Data to examine Start Marker

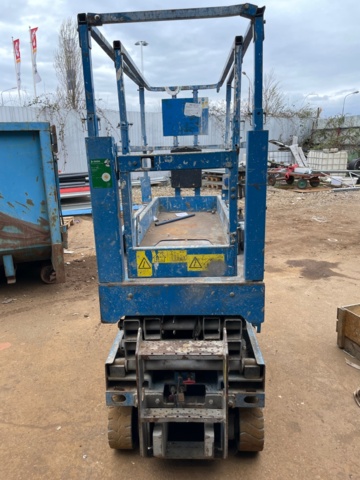 1020718-6 Genie GS-1530 Scissor lift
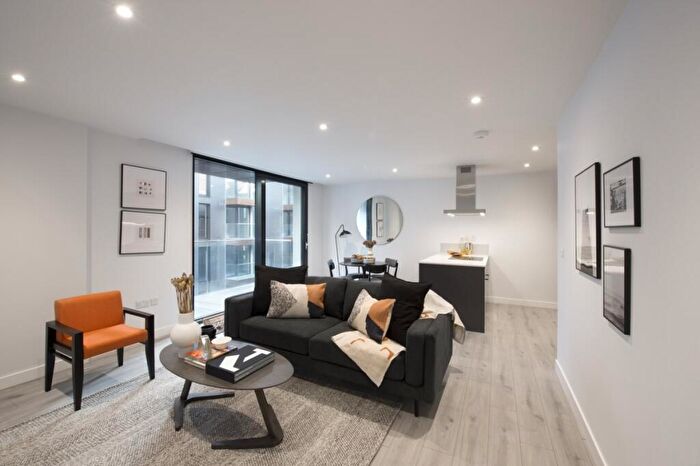 1 Bedroom Flat To Rent In The Courtyard Circus Street, BN2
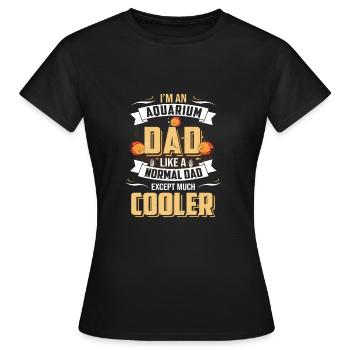 Aquarium Papa Discus Poisson Aquarien Poisson d’ornement - T-shirt Femme - noir - Devant - AI Model Female 172 dark (172cm)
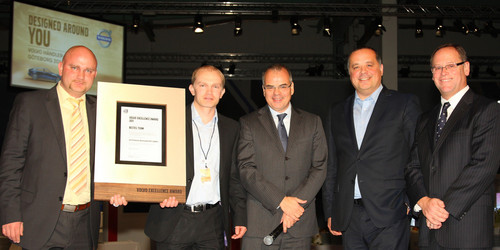 Volvo Excellence Award 2011 (von rechts): Doug Speck (Vorstand Vertrieb, Marketing und Customer Services), Bernhard Bauer (Geschäftsführer Volvo Deutschland) und Volvo-Chef Stefan Jacoby gratulieren Lars und Hendrik Mühlenhort.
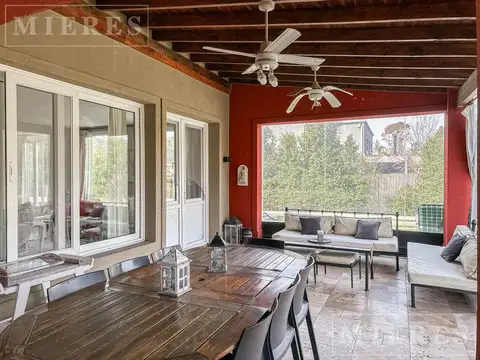 Muy linda casa en venta en el Barrio La Damasia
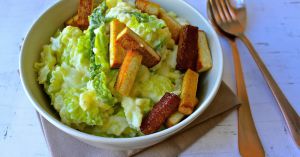 Recette Colcannon, purée de pommes de terre irlandaise au chou frisé et tofu fumé, recette vegan { Saint Patrick }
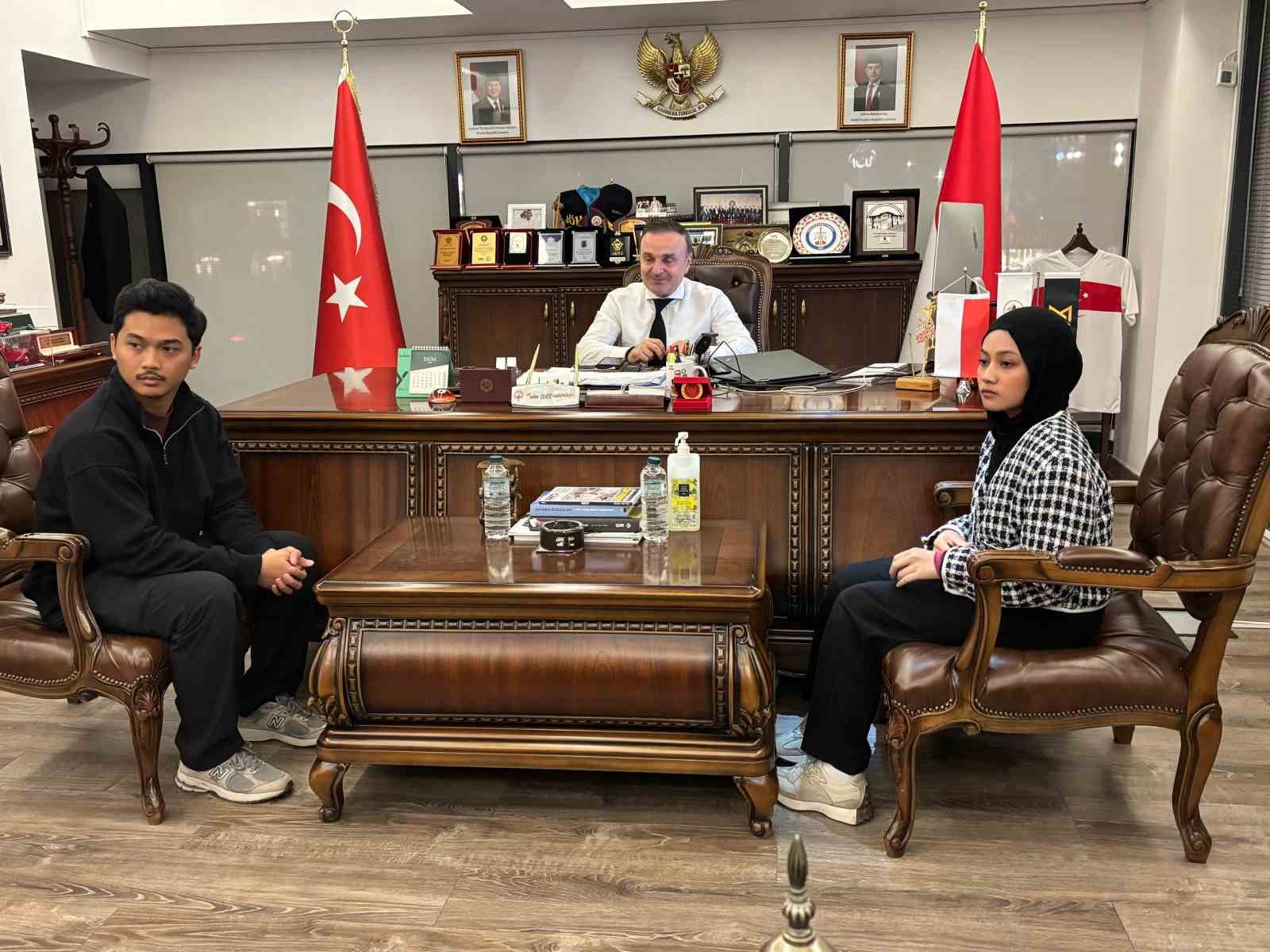 endonezyadan trabzona uzanan son yolculuk 3 48rfYHZz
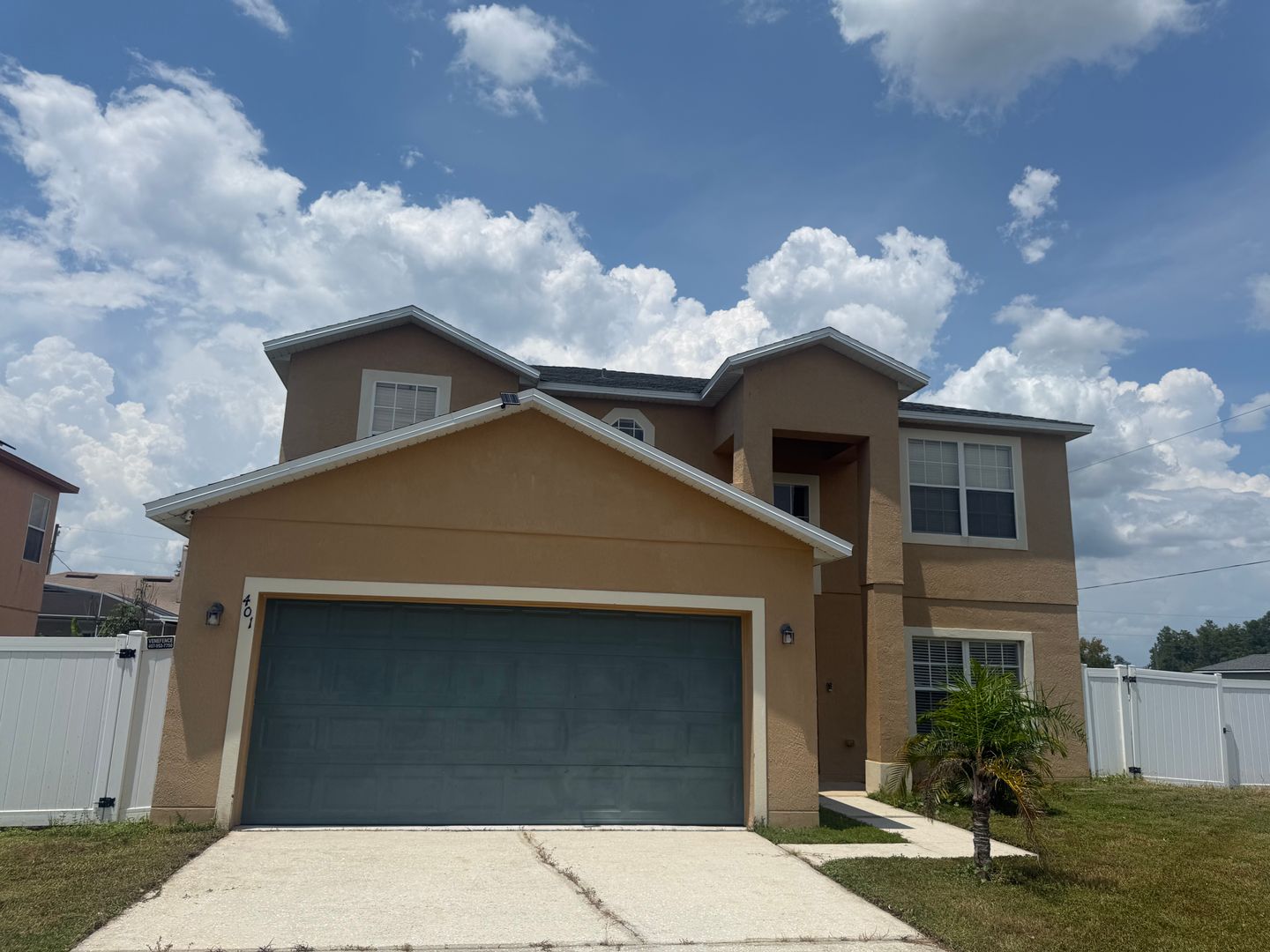 Poinciana House: 401 Mallard Way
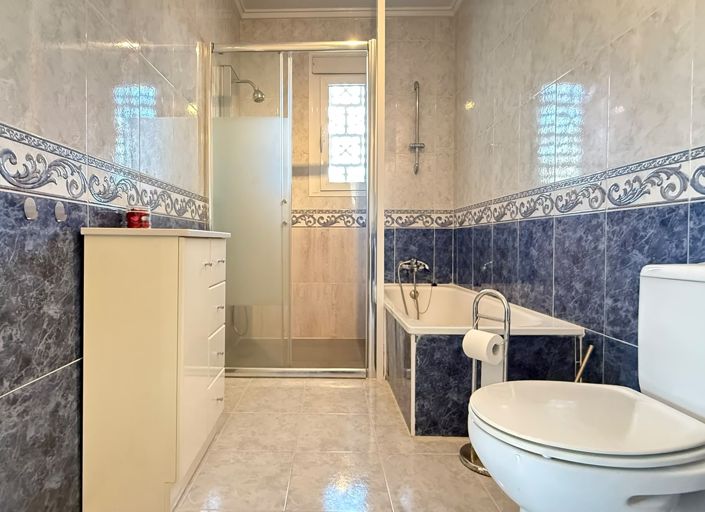 Image No.30-3 Bed Villa for sale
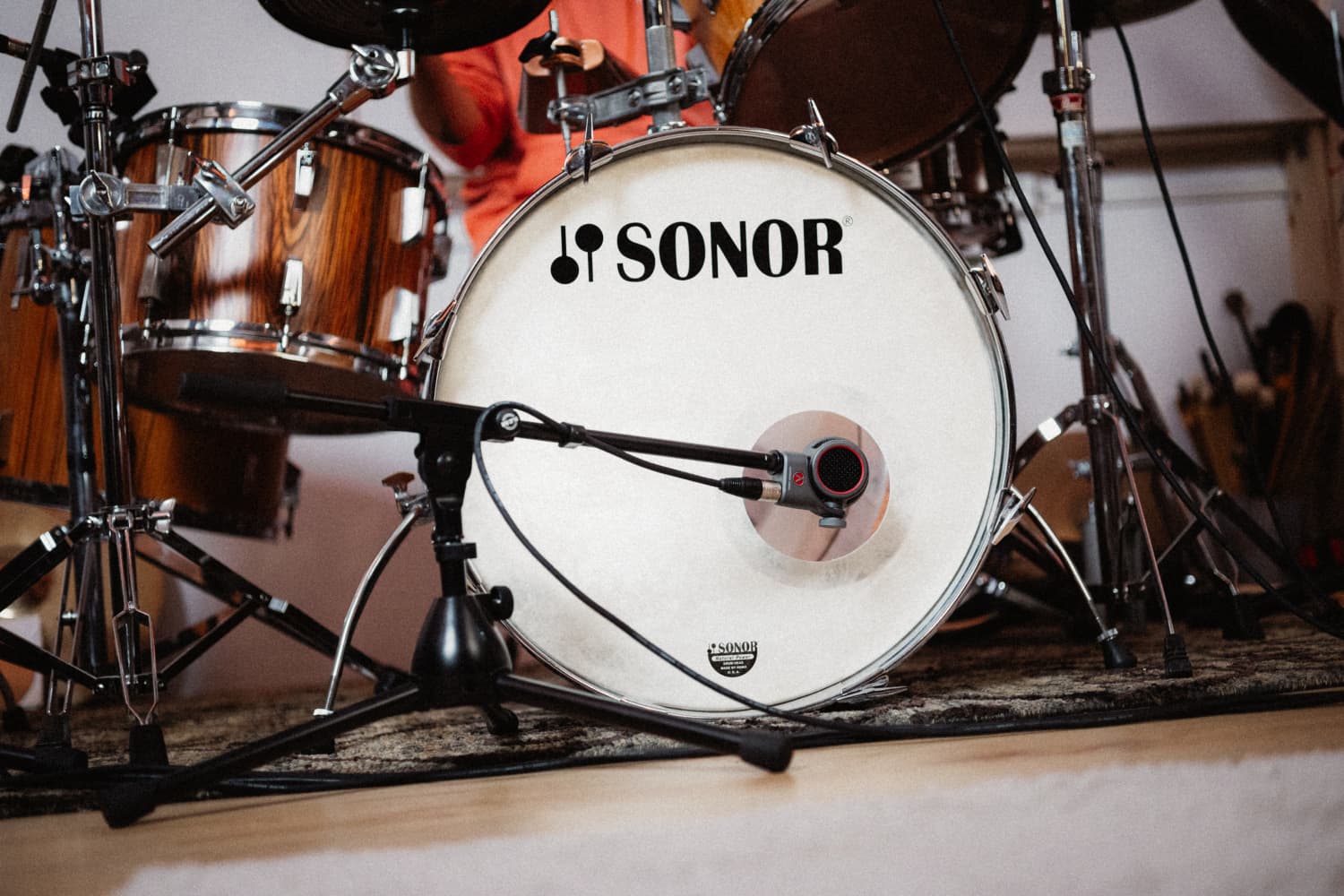 Micrófono de bombo Austrian Audio OC-B6 instalado en batería para directo y estudio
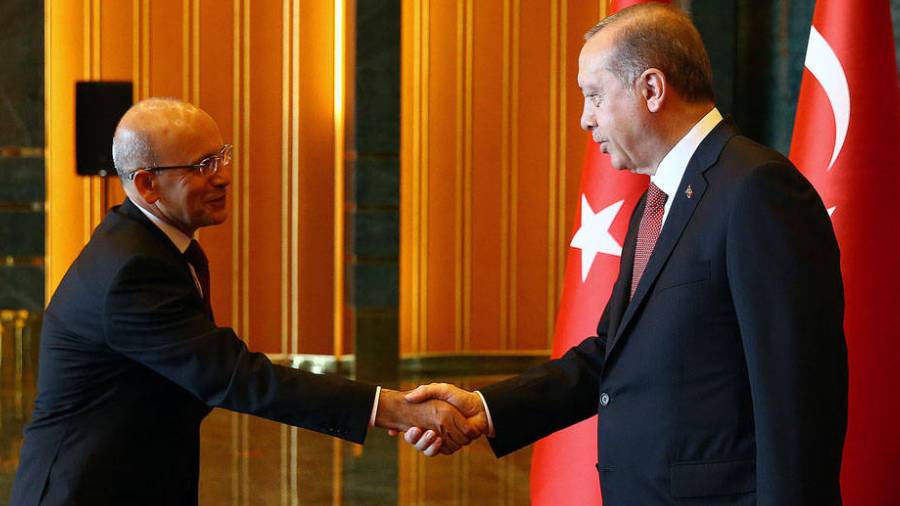 Erdoğan: Mehmet Şimşek'e karışmıyorum; kendi karar veriyor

Data to examine End Marker

§ **Instructions to follow**: Each line above should be returned exactly as written, apart from any pictures.

§ **Finished task**:
 1020718-6 Genie GS-1530 Scissor lift
 1 Bedroom Flat To Rent In The Courtyard Circus Street, BN2
 Aquarium Papa Discus Poisson Aquarien Poisson d’ornement - T-shirt Femme - noir - Devant - AI Model Female 172 dark (172cm)
 Volvo Excellence Award 2011 (von rechts): Doug Speck (Vorstand Vertrieb, Marketing und Customer Services), Bernhard Bauer (Geschäftsführer Volvo Deutschland) und Volvo-Chef Stefan Jacoby gratulieren Lars und Hendrik Mühlenhort.
 Muy linda casa en venta en el Barrio La Damasia
 Recette Colcannon, purée de pommes de terre irlandaise au chou frisé et tofu fumé, recette vegan { Saint Patrick }
 endonezyadan trabzona uzanan son yolculuk 3 48rfYHZz
 Poinciana House: 401 Mallard Way
 Image No.30-3 Bed Villa for sale
 Micrófono de bombo Austrian Audio OC-B6 instalado en batería para directo y estudio
 Erdoğan: Mehmet Şimşek'e karışmıyorum; kendi karar veriyor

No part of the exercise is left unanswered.